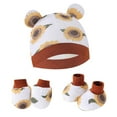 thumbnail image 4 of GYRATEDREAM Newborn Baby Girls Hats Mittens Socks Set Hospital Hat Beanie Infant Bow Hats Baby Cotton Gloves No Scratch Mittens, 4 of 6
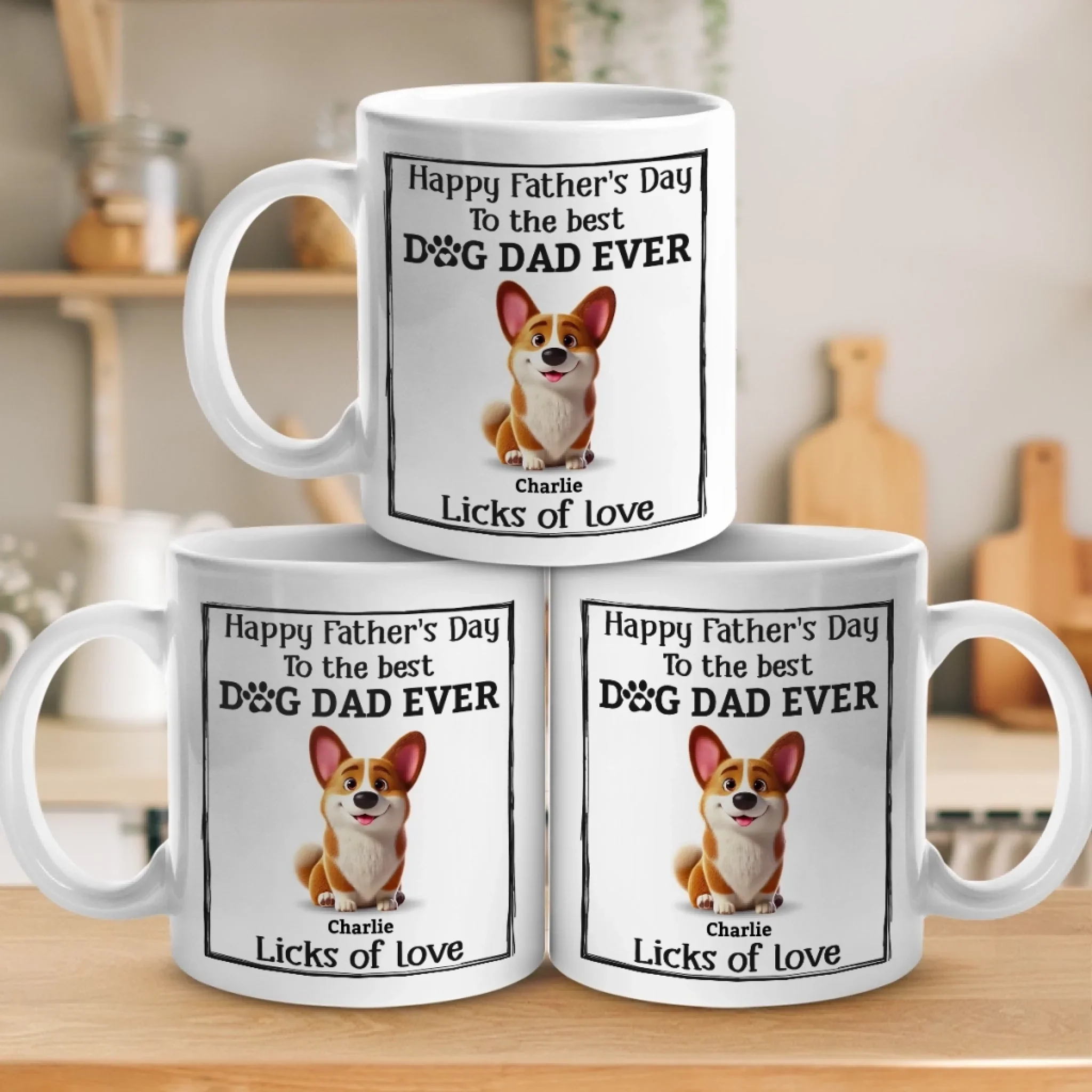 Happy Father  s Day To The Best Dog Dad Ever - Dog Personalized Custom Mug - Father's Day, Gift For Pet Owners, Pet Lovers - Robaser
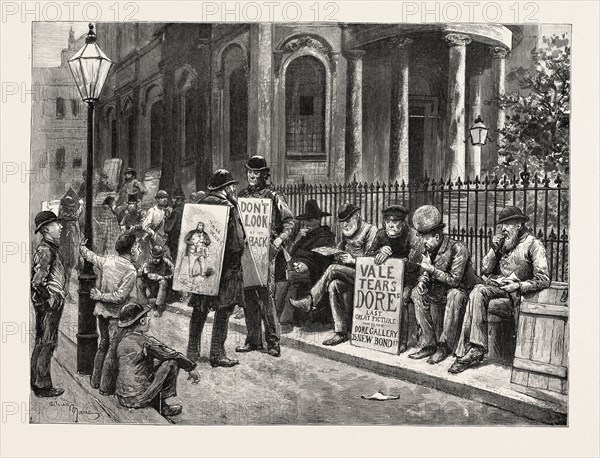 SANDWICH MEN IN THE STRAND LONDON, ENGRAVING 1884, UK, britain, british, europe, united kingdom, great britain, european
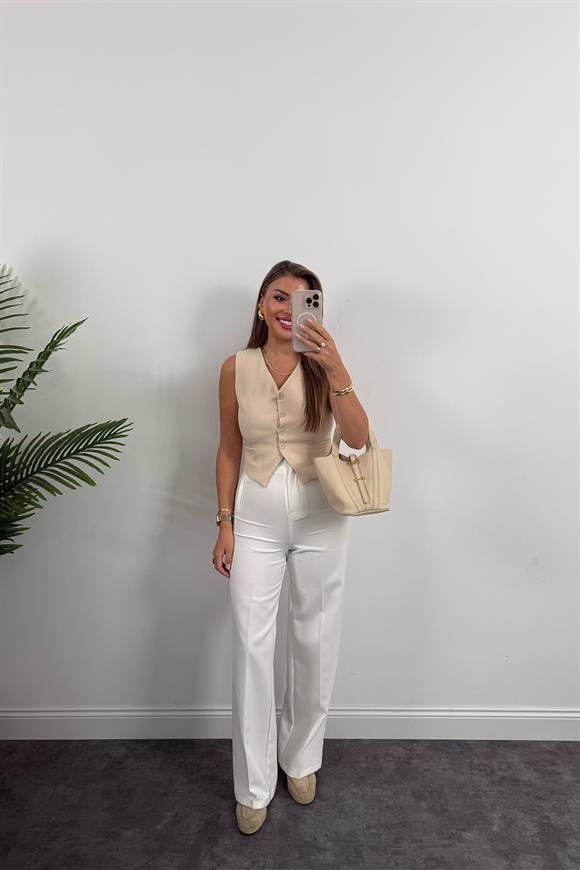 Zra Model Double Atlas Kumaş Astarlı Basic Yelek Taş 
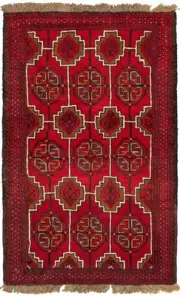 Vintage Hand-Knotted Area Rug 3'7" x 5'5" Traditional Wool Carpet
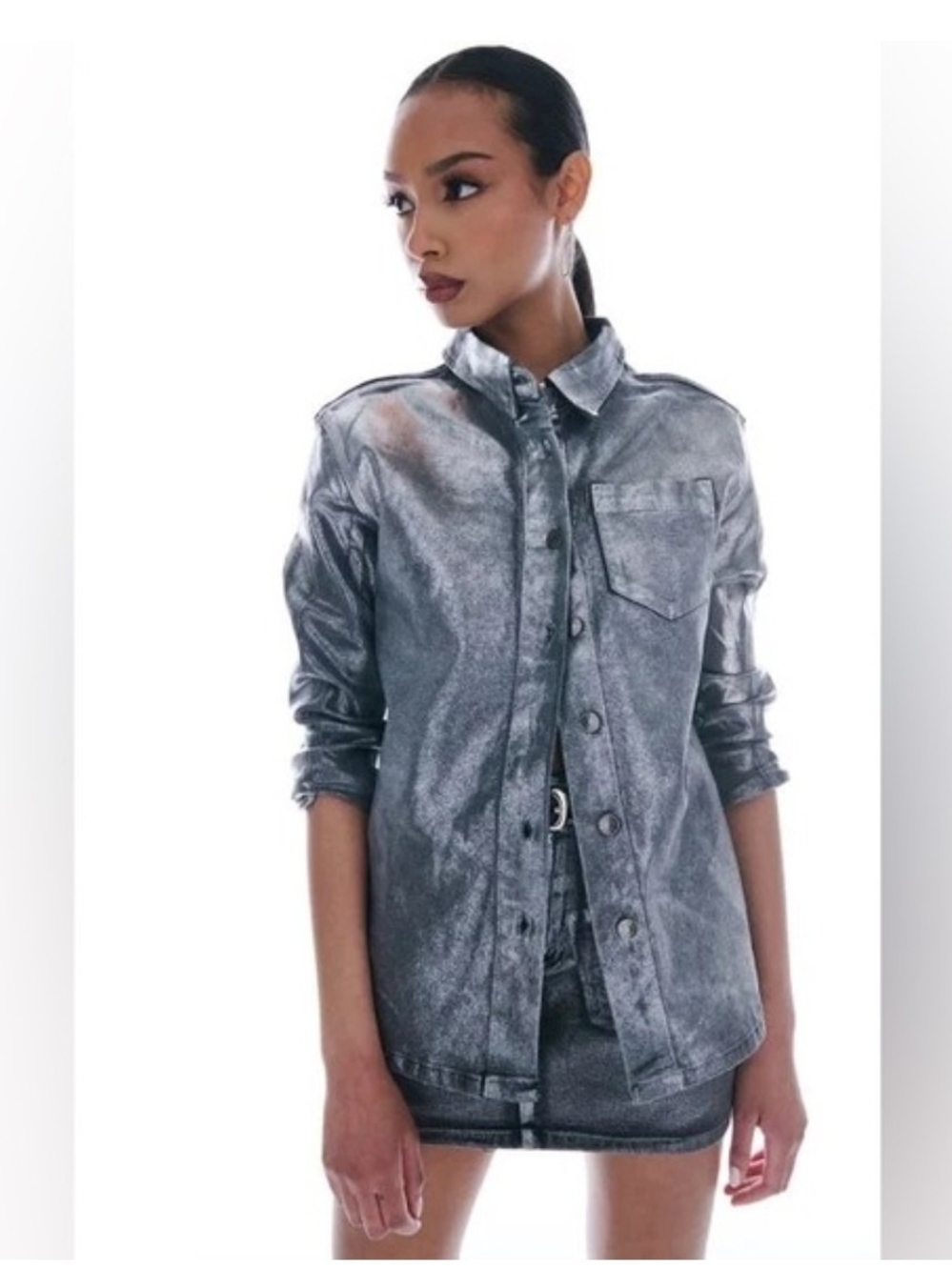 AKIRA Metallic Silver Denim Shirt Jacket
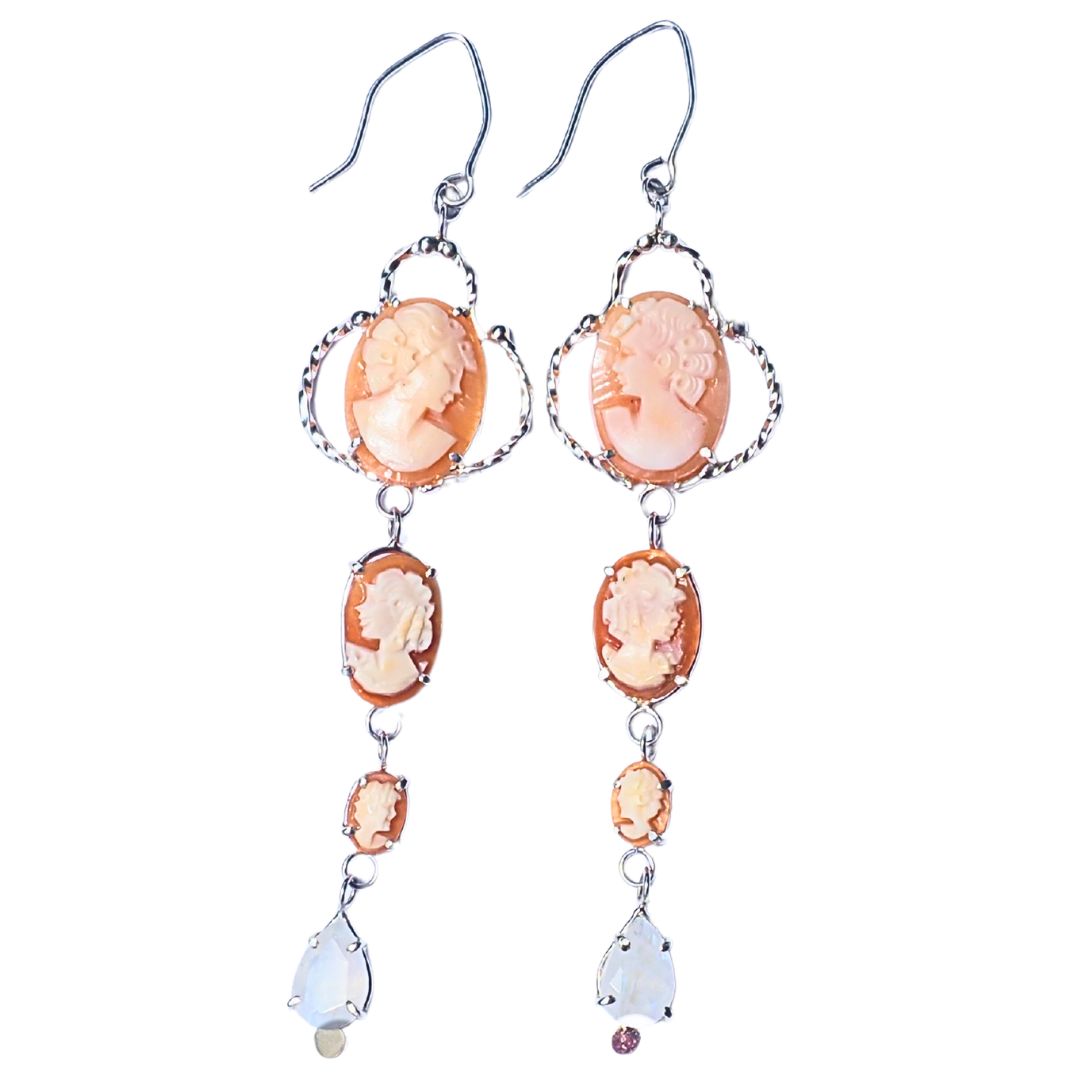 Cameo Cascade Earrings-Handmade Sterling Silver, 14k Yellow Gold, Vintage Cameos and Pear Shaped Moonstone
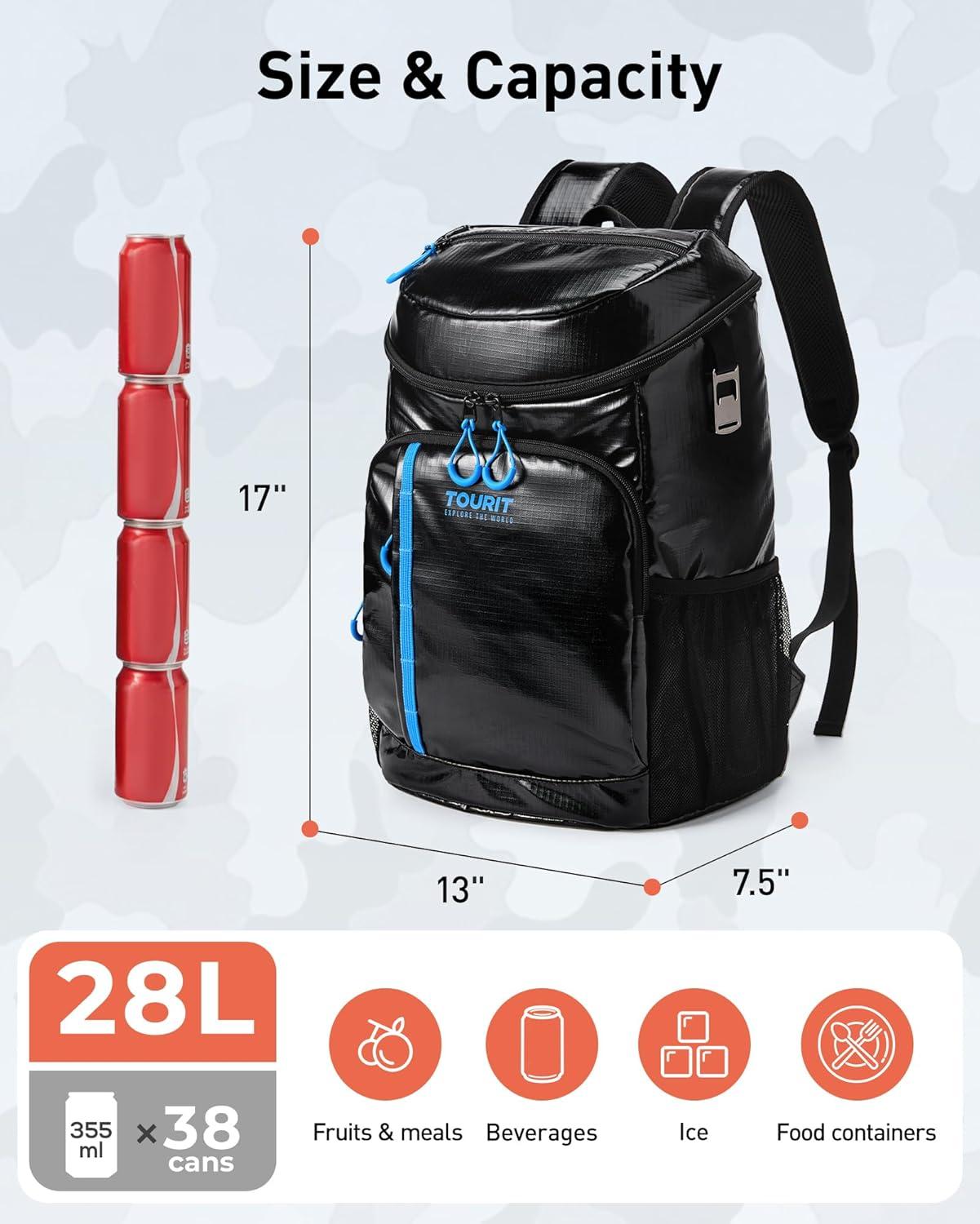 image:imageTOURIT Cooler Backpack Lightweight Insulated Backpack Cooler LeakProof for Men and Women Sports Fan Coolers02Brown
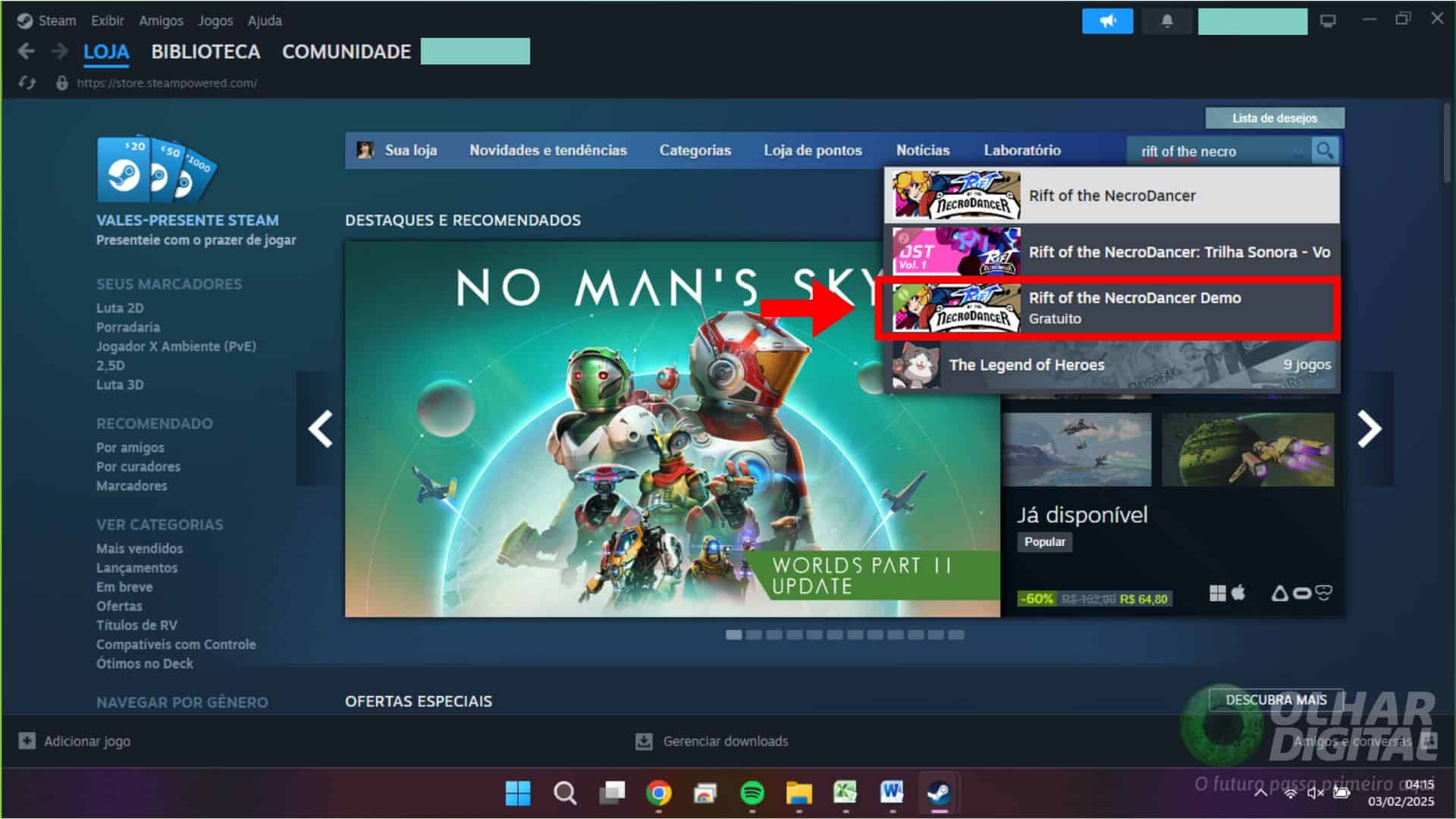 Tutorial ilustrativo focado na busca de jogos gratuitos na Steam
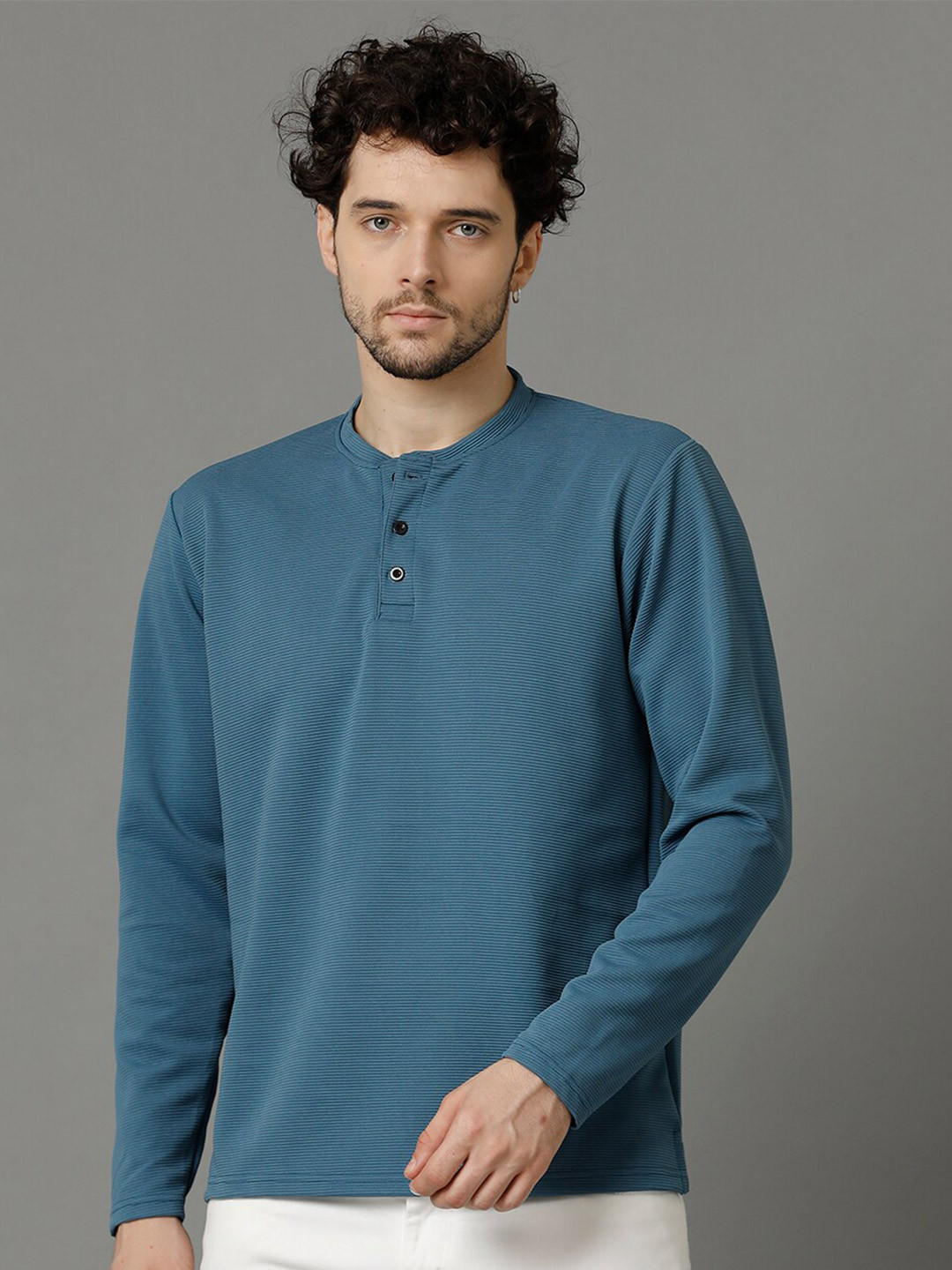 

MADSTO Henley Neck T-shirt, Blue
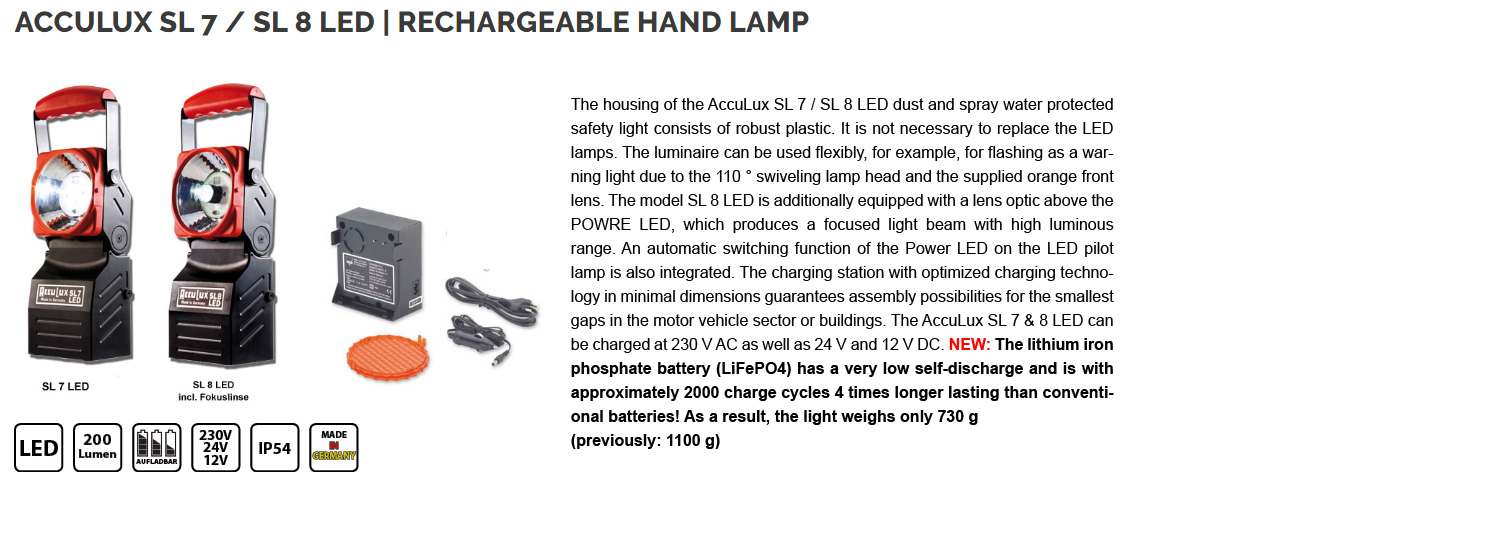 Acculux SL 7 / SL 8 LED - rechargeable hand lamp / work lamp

══════════════════════════════

Begin at the line with "image:imageTOURIT Cooler Backpack" and retype exactly every line through the last one of the entries above, both included, and nothing more; pictures stay out.

 image:imageTOURIT Cooler Backpack Lightweight Insulated Backpack Cooler LeakProof for Men and Women Sports Fan Coolers02Brown
 Tutorial ilustrativo focado na busca de jogos gratuitos na Steam

MADSTO Henley Neck T-shirt, Blue
 Acculux SL 7 / SL 8 LED - rechargeable hand lamp / work lamp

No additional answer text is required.